Instructions for the first week of summer reading:

First, please email me at evigue@msad48.org with the following information: (1) your name, (2) your blogspot username -NOT THE PASSWORD, however- and a link to your blog, and (3) your book choice for the contemporary American novel and how you think it will relate to one of our essential questions. It can be a volume of poetry or a fiction work.

Second, please post your mini report, on your blogsite. Wait until a few more people have posted their mini reports on their blogs, and then go ahead and post at least one response on at least two of your peers' blogs to their mini-reports. I will demonstrate the latter for you, to give you an idea of how to respond to your peers (as soon as someone has posted). PLEASE DO NOT FORGET TO CITE YOUR SOURCES.

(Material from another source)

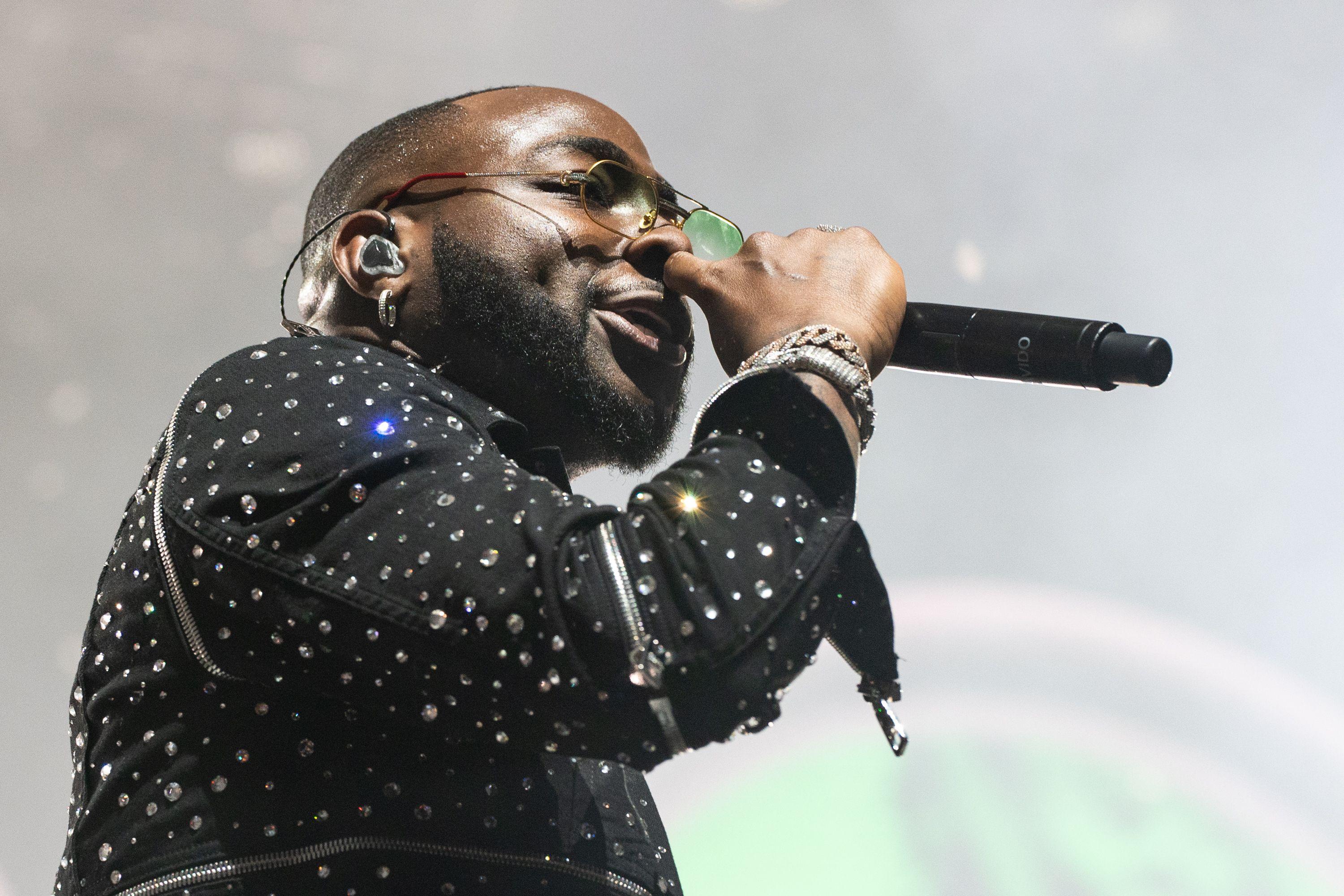 Davido : La star de l'afrobeats mise sur l'avenir électrique de l'Afrique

A mini report takes off from a concept that relates to your book. If you look up the Tlingit Indians, then you should explain how the Tlingits play a role in the book and how the theme of the book relates to the Tlingit philosophies or practices based on what you found in your research. I would suggest the following theme for the book: justice should heal, not punish (p. 12). If you look up Kermode Bears, you should share what you found about them, and what role they play in the book. Why did the author choose that particular breed of bear? What is special about them that might relate to Cole's circumstances?


(3) Question for the week. Please post a response to this question RIGHT HERE. Do you think that Cole should be excused for his behavior based upon the circumstances in his home? Why or why not? Answer this question and respond, on my blog, to at least two of your peers' responses.

HAVE A GREAT WEEK!

22 comments:

Whitney Leigh said...

I think Cole's action are inexcusable. Even though his home life isn't "up to standard" and it gives him a reason to be angry, it doesn't mean that he had the right to bully others. Most people think that your attitude towards others an life in general comes from what you see and are accustomed to at home. And since Cole was used to being angry at the everyone,it became his way of life.

Ashlee L. said...

I do not think Cole's actions are excusable. I understand that his home life isn't the best. I'm sure that we have all experienced a time in our life when we just want to scream our heads off and punch something but, that does not give us a free pass to hurt someone. It's called anger management! I agree with Whitney that our attitude comes from what we know but we all have the power to change. Cole doesn't really look like he truly wants to change. I'm sure we will see a difference by the end of the book though.

Heidi Wyman said...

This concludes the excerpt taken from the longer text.